BRENT: Spectacular new photos of Pluto have revealed “majestic” icy mountains, sweeping plains and a low-lying haze over the distant dwarf planet.
Stunned Nasa scientists said the latest images captured by the New Horizons spacecraft showed it to be “surprisingly Earth-like”, with evidence of a process similar to the water cycle.
A view caught of Pluto at sunset on 14 July showed the rugged terrain in sharp relief, with mountains believed to be up to 11,000ft high, flanked by huge plains and glaciers.
They have been named Norgay Montes and Hillary Montes, after mountaineers Sir Edmund Hillary and Tenzing Norgay, who were the first climbers to reach the summit of Mount Everest.
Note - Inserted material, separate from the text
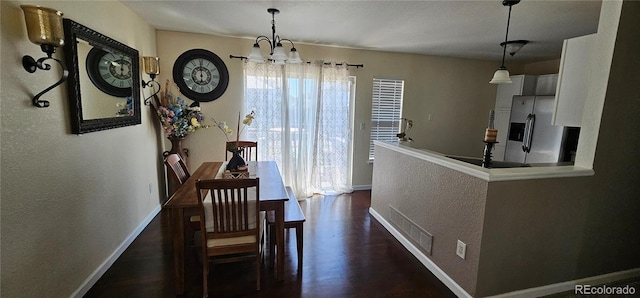 12388 Jasmine St, Brighton, CO 80602 - dining room with a chandelier, a textured wall, and dark wood-style flooring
“This image really makes you feel you are there, at Pluto, surveying the landscape for yourself,” said New Horizons Principal Investigator Dr Alan Stern, of the Southwest Research Institute in Colorado.
“But this image is also a scientific bonanza, revealing new details about Pluto’s atmosphere, mountains, glaciers and plains.”
The dramatic backlighting and high resolution captured by the Ralph/Multispectral Visual Imaging Camera, which photographed the dwarf planet from 11,000 miles away, also reveals new details of hazes throughout Pluto’s “tenuous but extended” nitrogen atmosphere.
More than a dozen wispy layers can be seen stretching from near the ground to at least 60 miles above the surface.